Boost to cutting-edge technology with new research project at Aarhus University
Scientists at Aarhus University are up-scaling an HTL facility that is capable of converting wet biomass into crude oil. The facility, which is expected to be ready by the end of 2014, is based on the university’s cutting-edge research.
The HTL (hydrothermal liquefaction) technology, which under high pressure and temperature converts wet biomass into bio-oil, can become a genuine breakthrough in the battle to reduce the dependency on fossil fuels. Although the technology is not completely in its infancy, it has yet to achieve commercial breakthrough, but scientists at Aarhus University are intending to change all that via a new research project which has received 12.6m DKK from DCA – Danish Centre for Food and Agriculture to build a pilot plant.
The pilot plant is based on ground-breaking research conducted by Professor Bo Brummerstedt Iversen from the Department of Chemistry, where they have been working on the HTL technology on small laboratory-scale facilities in recent years. The pilot plant will be much larger and will pose several engineering challenges that require deep technical insight into a number of complex processes. But associate professor Ib Johannsen from the Department of Engineering is making it his job to solve this challenge in close cooperation with his colleague, senior scientist Anders Peter Adamsen.
- We expect to have built an HTL pilot-scale facility at Foulum by the end of 2014. The plant will consist of a flow reactor, with a steady inflow of biomass and with an outflow of bio-oil from the other end of a 120 meter long pipe, where the watery biomass will be heated up to a maximum of 450 degrees and subjected to a pressure of up to 350 bar, explains Ib Johannsen of the system and the process.
It will, however, be a while before scientists from Aarhus University can produce a real alternative to oil. One of the challenges with the HTL process is to reduce the amount of energy needed to heat the biomass.
- One of our criteria for the design of the pilot plant is that it has to recycle the majority of the heat that is used to heat the biomass. The goal is to recycle as much as 85 percent of the heat. If we can’t do that, it will not be possible to proceed with this technology as an alternative to fossil fuels, says Ib Johannsen.
Besides the recycling of process heat, the ambition of the project is to build a plant that is easy to upscale, so that it may eventually become a design that can be used commercially.
The HTL process is extremely interesting because it has a large potential. Unlike other technologies, it does not impound biomass that would otherwise be used as food for humans or animals.
- We intend to use biomasses such as deep litter, the fibrous fraction from biogas plants, energy crops and straw. We can use biomasses with water contents of up to 80 percent, says Anders Peter Adamsen.
Precisely a high water content is ideal for the HTL process, which can be described as a method for removing oxygen and converting the biomass to liquid products. This produces an oil that is similar to crude oil. In addition to oil, there will also be fractions produced containing gas, water and solids.

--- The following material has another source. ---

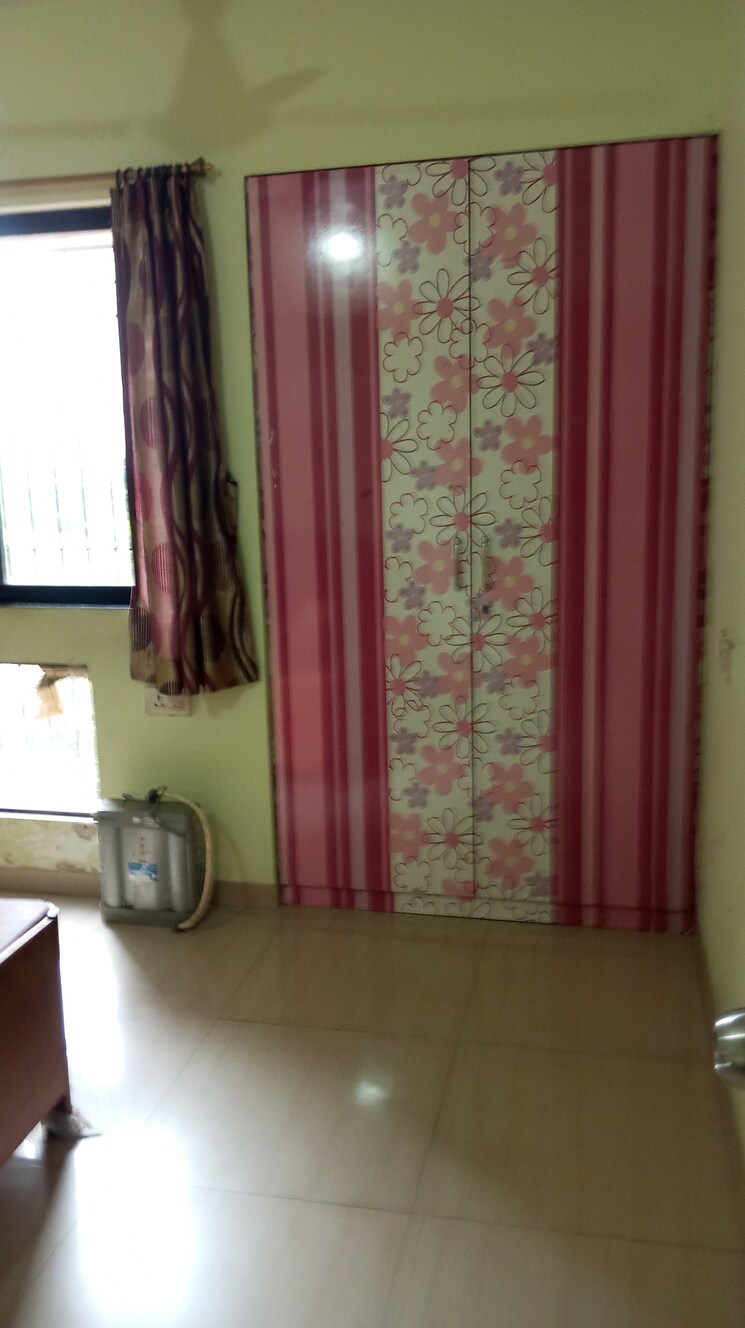 Living Room, unnathi-woods-phase-1-and-2 2 Bedroom 1005 Sq.Ft. Apartment In Ghodbunder Road Thane 8957186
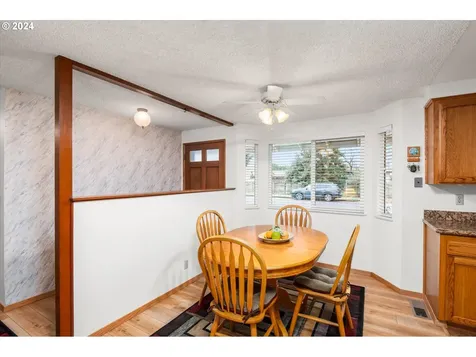 2301 Willona Drive Eugene OR 97408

When exactly HTL plants will be ready for commercialisation, Ib Johannsen has a suggestion for:
- We need to build up experience with the technology over the next two to three years. It will then take a few more years to design larger systems, but this is conditional on getting the good results that we expect to get.

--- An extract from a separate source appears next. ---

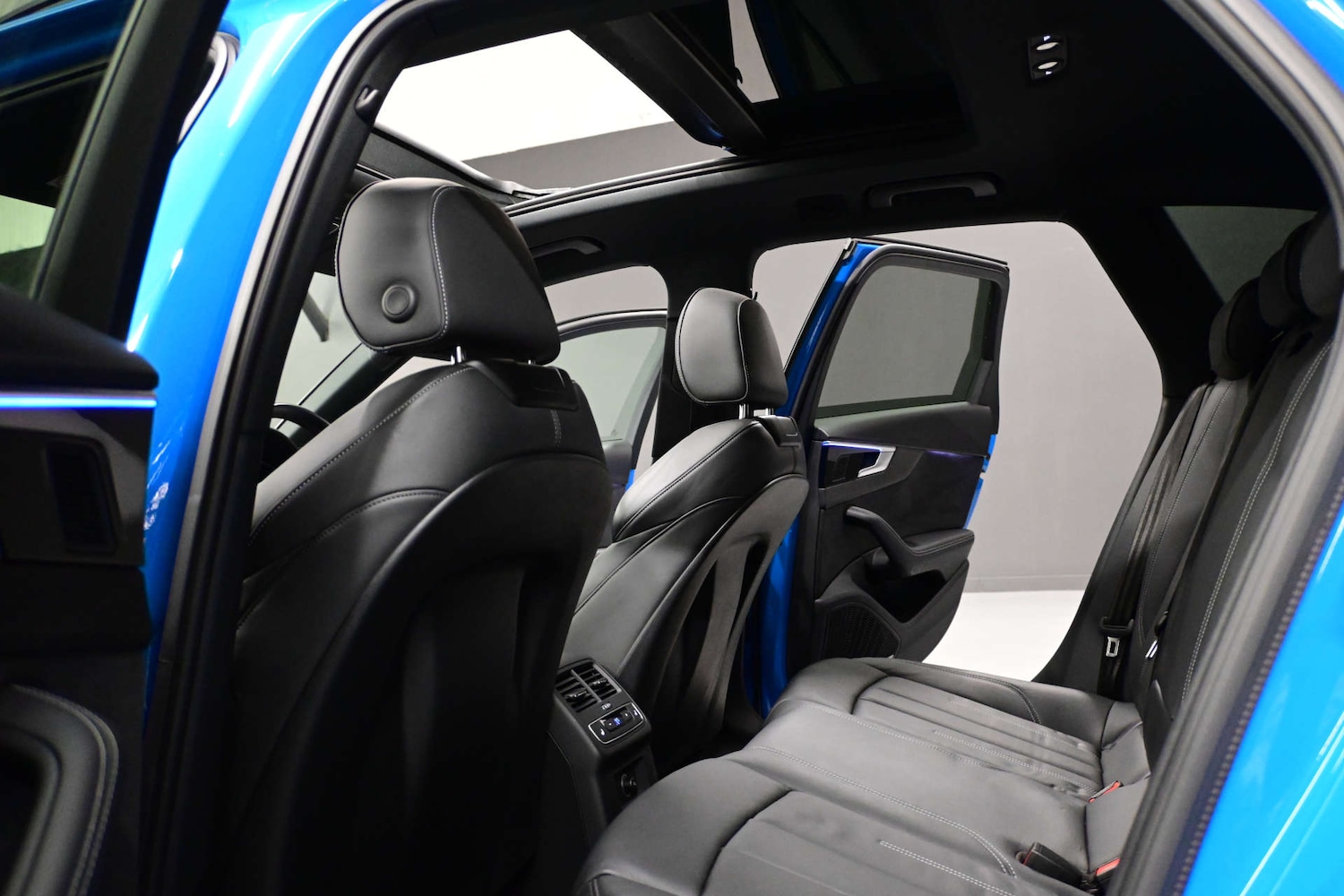 Used Audi A4 2021 for sale - 76848477: Photo 39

Anders Peter Adamsen supplements:
- The HTL technology has a large potential, but also a number of technical challenges. If there hadn’t been any, Aarhus University would not be involved in developing the technology.

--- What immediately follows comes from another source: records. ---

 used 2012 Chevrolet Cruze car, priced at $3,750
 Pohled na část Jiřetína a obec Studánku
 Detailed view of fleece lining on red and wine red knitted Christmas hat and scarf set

The establishment of the HTL facility also sets the footing for another research project – BioValue SPIR, which has a total budget of 160m DKK and involves a number of Danish partners (www.biovalue.dk). The project has attracted considerable AU resources where scientists, among other things, are studying lignin – a component of biomass – with a view to converting it into higher-value products, such as binders and chemicals for new products.
For more information please contact:
Associate professor Ib Johannsen, Department of Engineering, telephone: +45 8715 5983, Mobile: +45 21356050, email: ibj@eng.au.dk
Senior scientist Anders Peter Adamsen, Department of Engineering, telephone: +45 2514 2599, email: apsa@eng.au.dk
Facts:
The project "Production of bio-oil using HTL technology" is one of four research platforms of the research initiative BioBase that DCA – Danish Centre for Food and Agriculture has launched and is coordinating.
The project will run until the end of 2017.